QUOTE (clucas @ Thu, 27 Jun 2013 - 14:23)
Hi My Wife received a CPNC for overstaying by 20 minutes on a free 3 hours shopping centre car park. this happened on sunday 9th june.I had found a template letter( off another site) to send off to respond to the £100 charge. Upon further reading it seems there is a time limit for the letter to be received .She did not get the CPCN until monday24th the CPCN is dated the 20th June. Could somebody please tell me if this is correct and if so do I need to send my original letter that is ready for posting.
Thanks
This is the first time I have posted on any site
First port of call is ALWAYS to complain in person in the Store, was it a Supermarket? Get in there to the store and demand to see the Manager to get this cancelled, always try that first!Do you mean you have responded to G24 or not yet? If not, and if the Store Manager will not cancel the thing, we say send a short appeal like these links on this thread:
http://forums.pepipoo.com/index.php?showto...20&start=20And you really don't need to focus on the '14 days thing' because there will be much more to include in your appeal at POPLA stage. That letter isn't even headed up 'Notice to Keeper' so how is a layman supposed to identify it as such?

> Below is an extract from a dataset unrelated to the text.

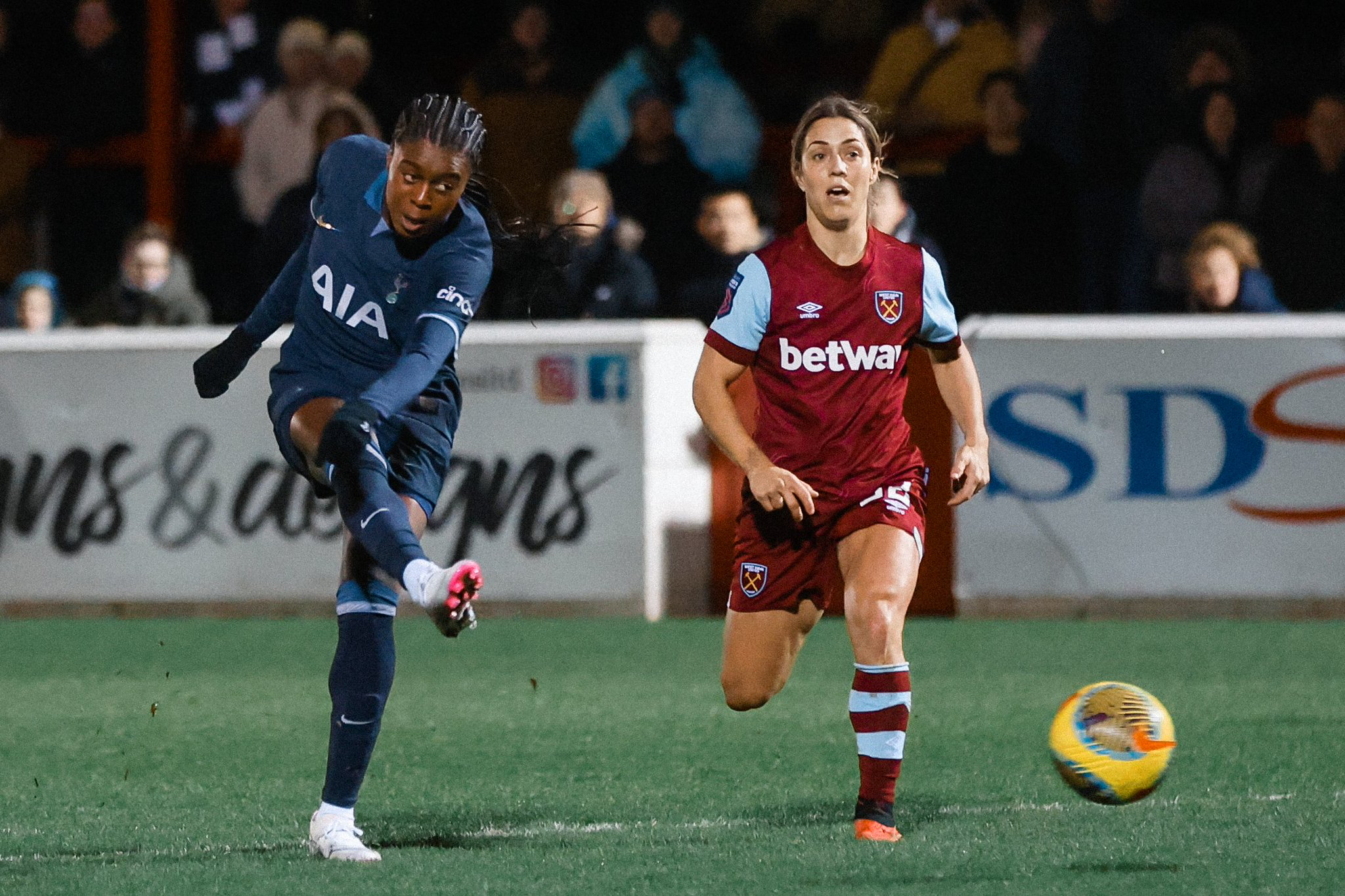 Jess Naz strikes the ball for the winning goal as Katrina Gorry looks on.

Once you have sent off your soft challenge (not much detail in it and no saying who was driving!) then research ready for your POPLA appeal, whilst awaiting their rejection letter. Find and note what they may have done wrong against this:
http://www.parkingcowboys.co.uk/keeper-liability/and compare G24's set up in that car park (signs, cameras etc.) against the March 2013 version of the BPA Code of Practice. Read it, most of us here have! It's not too long and the sections are bullet-points which you can pick out and quote in any POPLA appeal. Can you get pics of the signs in the car park, are there any at the entrance, are they clear/lit/low enough to read when driving in?
When you get your rejection letter and POPLA code come back for more advice and to fine-tune your POPLA appeal wording - which will be much stronger and longer than that soft appeal.